'Keyboard hero Billy Preston dies'
Billy Preston worked on Beatles albums including Let It Be
US keyboard legend Billy Preston, known for his work with The Beatles and The Rolling Stones as well as his own solo hits, has died at the age of 59. Preston played on The Beatles' Let it Be, the Stones' Exile on Main Street and landmark albums by Bob Dylan, Sly & the Family Stone and Aretha Franklin. He had solo hits in the 1970s with Will It Go Round In Circles, With You I'm Born Again and Nothing From Nothing. Kidney failure had left him in a coma since November. Rolling Stones singer Mick Jagger said: "Billy was a fantastic and gifted musician ... a superb singer in both recording sessions and on stage. Preston also toured and recorded extensively with The Rolling Stones - "He was great fun to be with on stage when touring with us and I will miss him a lot." Born in Houston, Texas, Preston started out playing with Ray Charles and Little Richard. He became friends with The Beatles when he played with Little Richard in Hamburg and the soon-to-be superstars were the support act. The musician went on to play keyboards on Let it Be and Abbey Road and the song Get Back was credited to The Beatles and Billy Preston - the only time the Fab Four shared the limelight on a hit single. "I was at the Beatles' office, and John said, 'Look, Willy' and he showed me the record," Preston told the Chicago Sun-Times two years ago. "I looked, and it was great. Wow! It was really something to do that for me." Lennon was even reputed to have suggested that Preston should join the group - but the idea was said to have been scuppered by the rest of the band.

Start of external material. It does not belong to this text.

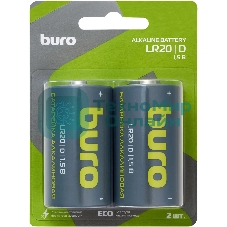 Батарея Buro Alkaline LR20 D 18000mAh (2шт) блистер, 1.5 В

Preston was a prolific songwriter and enjoyed solo success
Preston was credited with soothing tensions within The Beatles during the Let It Be sessions - George Harrison likened it to a feuding family staying on its best behaviour in front of a guest. And he accompanied the band during their last live show on the roof of the Apple Records building in 1969, which he said was the highlight of his career. Apple Records managing director Neil Aspinall said he was "truly saddened" to hear the news. "Billy made memorable contributions to The Beatles' albums Let it Be and Abbey Road as well as recording two solo albums for Apple Records. He was a good friend of Apple's and will be greatly missed."